Parte desta preservação inclui muitos dos modelos individuais incorporados na infância e na adolescência por diversas gerações e que vivem actualmente um conjunto de rápidas e notáveis mudanças. Fernando Savater já em 1976 havia publicado A Infância Recuperada, um belo livro no qual procurou recuperar, através de um exercício de pesquisa autobiográfica, muitos autores então desprezados como «distracções juvenis» (Stevenson, Verne, Salgari, Conan Doyle, entre outros), por ele sublinhados como instrumentos fundadores de uma leitura prospectiva do mundo. Em 2004 voltou ao tema publicando Criaturas do Ar, agora editado em Portugal pela Ambar.

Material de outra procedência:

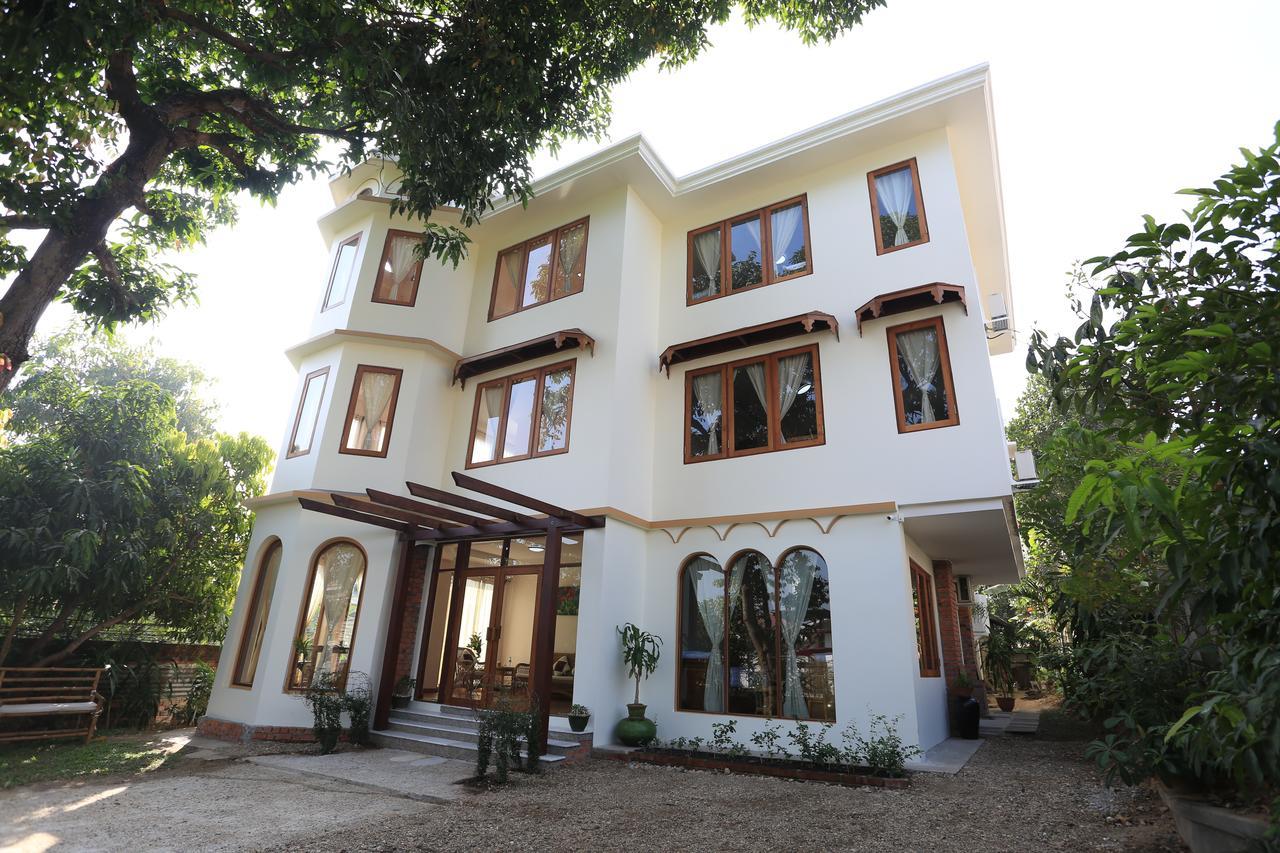 Mango Hill Inn Янгон Экстерьер фото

O livro inventaria um conjunto de personagens, que manual algum comporta, e que, tanto quanto muitas das figuras humanas dotadas de comprovada existência histórica, tendem a ausentar-se do nosso imaginário. Sob a forma de 31 monólogos, que coloca na boca dos heróis e dos vilãos que faz desfilar perante o leitor (incluindo no último a ficção dele próprio), o filósofo e escritor espanhol produz um roteiro por onde passam as (ainda?) ilustres figuras de Sherlock Holmes, Tarzan, Desdémona, Dulcineia, Drácula, Mr. Hyde, Pimpinela Escarlate, Sindbad, Peter Pan, Sam Spade, do Homem Invisível ou da Bela Adormecida. Na voz de cada uma delas, produz-se então uma narrativa que incorpora os seus principais traços e os aspectos decisivos das suas inventadas biografias, permitindo ao leitor reconhecer, ou encontrar, a essência de alguns dos mitos de origem literária que a cultura ocidental foi produzindo e cuja tradição se tem vindo a perder. No final, um apêndice («Quem é quem») descodifica o processo de construção de cada uma dessas personagens, ao mesmo tempo que indicia pistas de leitura para um entendimento mais completo da sua «vida e obra». O método não é novo, mas assume aqui um formato particularmente pedagógico: quem o desejar pode iniciar, quase aleatoriamente, um sem número de viagens, ou então regressar aquelas que deixou incompletas, algures em local escuso do seu passado pessoal.